Separation or divorce and your pension
Learn how a separation or divorce affects your pension and review the issues to consider.
Paying the divided pension to you and your former spouse
Once your former spouse becomes a limited member, they may be entitled to receive either:
- A monthly pension
- A lump-sum payment to a locked-in retirement vehicle
The factors that affect your former spouse’s options include:
- Your age
- Whether you are eligible to retire or have already retired
- How you choose to receive your pension when you stop working (for example, as a monthly pension or as a lump-sum payment if you are eligible for one)
Your former spouse can receive their share of the pension when you reach your earliest retirement age. We will not contact your former spouse to let them know of this date. They are responsible for applying for their share of the pension if they wish to begin receiving it at your earliest retirement age.
If you have applied for your pension and your former spouse is a limited member who has not yet started receiving their share of the pension, we will contact them to let them know about their pension options.
We will calculate your pension and your former spouse’s share of your pension. We will pay their share directly to them.

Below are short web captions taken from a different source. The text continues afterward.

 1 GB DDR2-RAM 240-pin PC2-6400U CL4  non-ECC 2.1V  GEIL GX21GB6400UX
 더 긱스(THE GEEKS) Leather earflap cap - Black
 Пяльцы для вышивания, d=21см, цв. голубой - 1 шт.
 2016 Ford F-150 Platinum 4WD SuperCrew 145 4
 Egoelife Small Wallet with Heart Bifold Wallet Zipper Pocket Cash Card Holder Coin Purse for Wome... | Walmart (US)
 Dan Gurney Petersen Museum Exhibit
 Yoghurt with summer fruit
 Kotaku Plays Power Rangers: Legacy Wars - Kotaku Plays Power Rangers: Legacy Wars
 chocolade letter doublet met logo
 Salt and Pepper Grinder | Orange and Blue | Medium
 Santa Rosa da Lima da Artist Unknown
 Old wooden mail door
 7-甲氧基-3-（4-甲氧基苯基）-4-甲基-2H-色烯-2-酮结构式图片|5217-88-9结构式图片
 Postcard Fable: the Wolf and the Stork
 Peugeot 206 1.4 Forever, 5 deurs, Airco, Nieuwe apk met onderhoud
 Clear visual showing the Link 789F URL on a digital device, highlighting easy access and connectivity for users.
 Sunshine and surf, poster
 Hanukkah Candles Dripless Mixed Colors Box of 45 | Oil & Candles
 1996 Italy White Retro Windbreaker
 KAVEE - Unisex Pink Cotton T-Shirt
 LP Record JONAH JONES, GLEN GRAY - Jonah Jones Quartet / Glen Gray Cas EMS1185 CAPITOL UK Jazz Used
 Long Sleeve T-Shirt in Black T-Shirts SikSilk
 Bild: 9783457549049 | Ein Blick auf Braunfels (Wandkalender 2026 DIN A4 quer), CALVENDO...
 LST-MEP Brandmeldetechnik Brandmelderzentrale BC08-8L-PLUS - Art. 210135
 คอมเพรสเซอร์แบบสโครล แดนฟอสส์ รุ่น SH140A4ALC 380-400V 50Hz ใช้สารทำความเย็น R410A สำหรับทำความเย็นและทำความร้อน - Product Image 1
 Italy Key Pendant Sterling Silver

If your former spouse is not a limited member but has claimed an interest in your pension by submitting Form P1 Claim and request for information and notice (or we have received a copy of your signed separation agreement, registered court order or Form P9), we will contact them and give them 30 days to become a limited member.
If they are still not a limited member after 30 days, we will pay your full pension to you and you will be responsible for paying your former spouse their share.
If you separate after you’ve started receiving your pension
If you and your spouse separate or divorce after you retire, the pension option you chose at retirement will apply to both your share and your former spouse’s share of the pension.
Your former spouse can apply to become a limited member of the plan. We will then pay their share of your pension directly to them and reduce your monthly pension payment by the amount going to your former spouse.
Depending on the pension option you chose when you retired, your former spouse may continue to receive the pension after your death.
If you die before you start receiving your pension
Under the Family Law Act, the default scenario is that your former spouse is entitled to 50 per cent of the pension benefits earned during your relationship if you die before you start to receive your pension.
However, there may be circumstances where your separation agreement or court order specifies a different percentage.
Your former spouse must apply to become a limited member of the plan within 30 days of your death to receive their proportionate share directly from the pension plan.
If your former spouse dies before you retire
If your former spouse dies before you retire and before receiving their share of your pension, we will pay their share to their estate or beneficiary. Your former spouse can only name a beneficiary if they are a limited member. If your former spouse is entitled to a share of your pension and has not become a limited member, their estate has 30 days to do so.